▶ Exercise requirements: The stretch from the line with "Proprietar vând 1/2" through the line with "Scaune rotative cu picior" in the records below: write it out exactly, and nothing else.

▶ Information shown:
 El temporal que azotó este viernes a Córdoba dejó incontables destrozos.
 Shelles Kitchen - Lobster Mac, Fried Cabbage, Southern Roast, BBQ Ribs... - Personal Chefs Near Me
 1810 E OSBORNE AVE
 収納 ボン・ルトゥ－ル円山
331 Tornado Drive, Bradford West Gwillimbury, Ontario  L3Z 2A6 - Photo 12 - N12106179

---

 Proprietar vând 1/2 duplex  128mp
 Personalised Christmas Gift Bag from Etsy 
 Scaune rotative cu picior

--

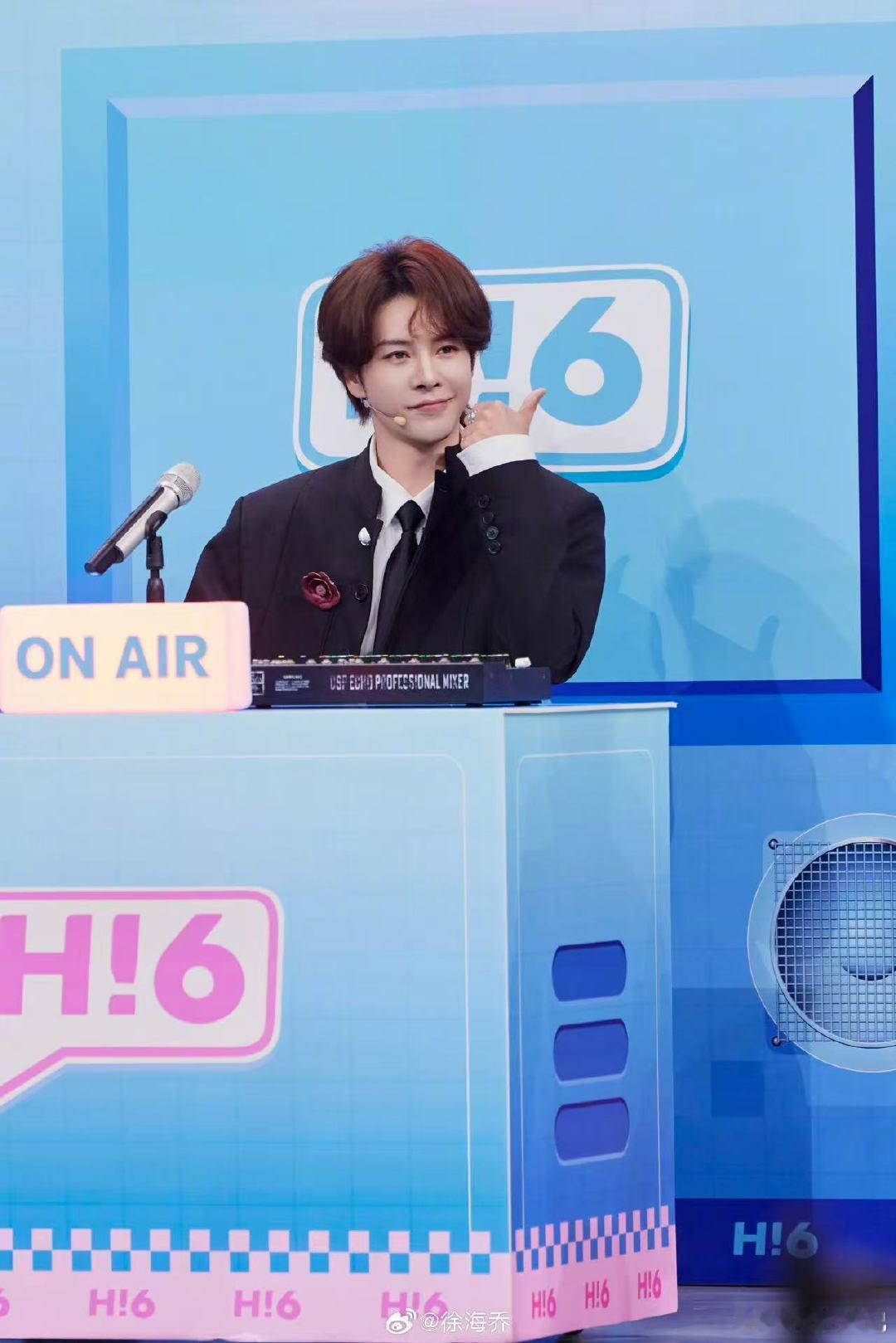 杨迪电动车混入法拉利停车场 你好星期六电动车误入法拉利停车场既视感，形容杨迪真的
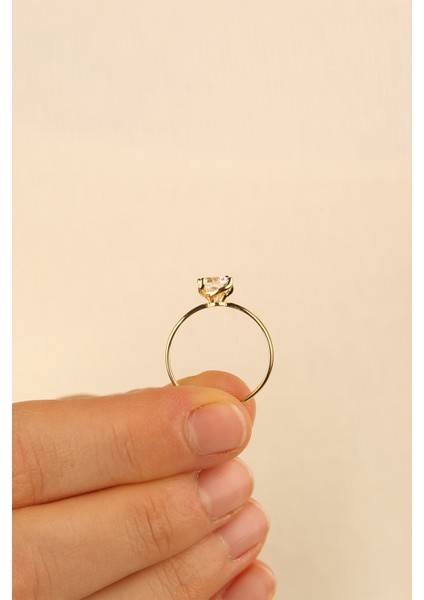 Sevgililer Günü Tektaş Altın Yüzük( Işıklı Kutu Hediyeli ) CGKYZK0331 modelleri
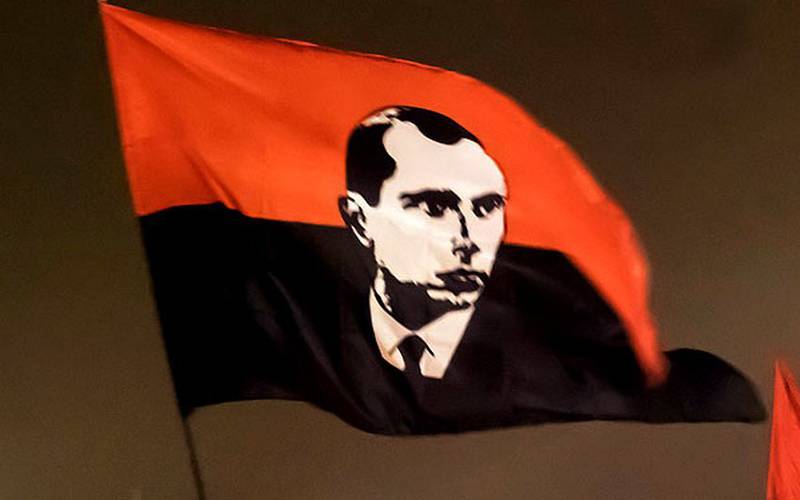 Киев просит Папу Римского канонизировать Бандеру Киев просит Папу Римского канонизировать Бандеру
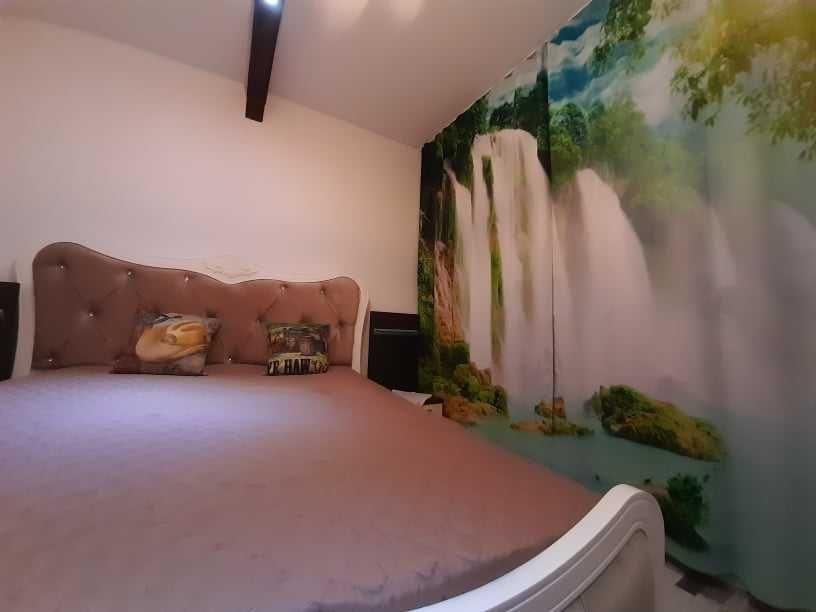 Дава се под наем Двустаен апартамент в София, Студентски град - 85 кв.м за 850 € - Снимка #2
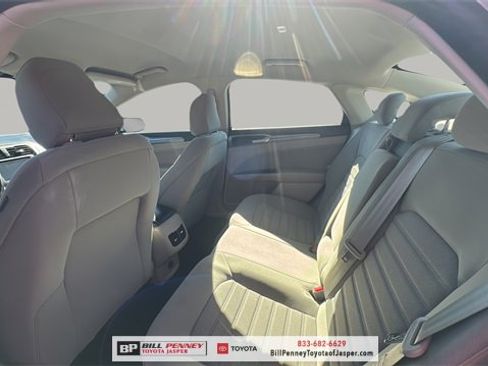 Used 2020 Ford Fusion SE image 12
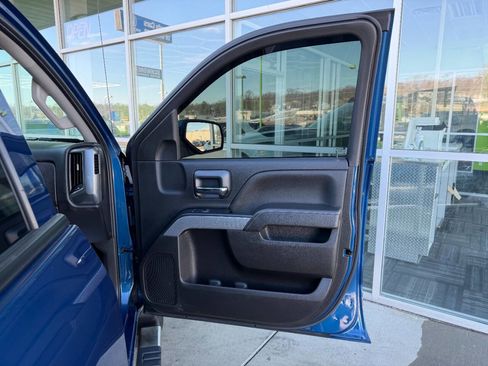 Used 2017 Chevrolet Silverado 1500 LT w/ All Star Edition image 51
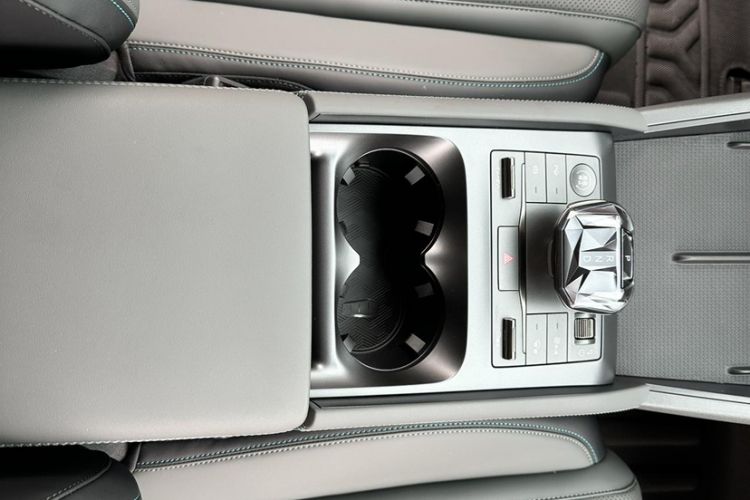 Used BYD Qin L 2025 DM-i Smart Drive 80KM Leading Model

▶ Your response:
 Proprietar vând 1/2 duplex  128mp
 Personalised Christmas Gift Bag from Etsy 
 Scaune rotative cu picior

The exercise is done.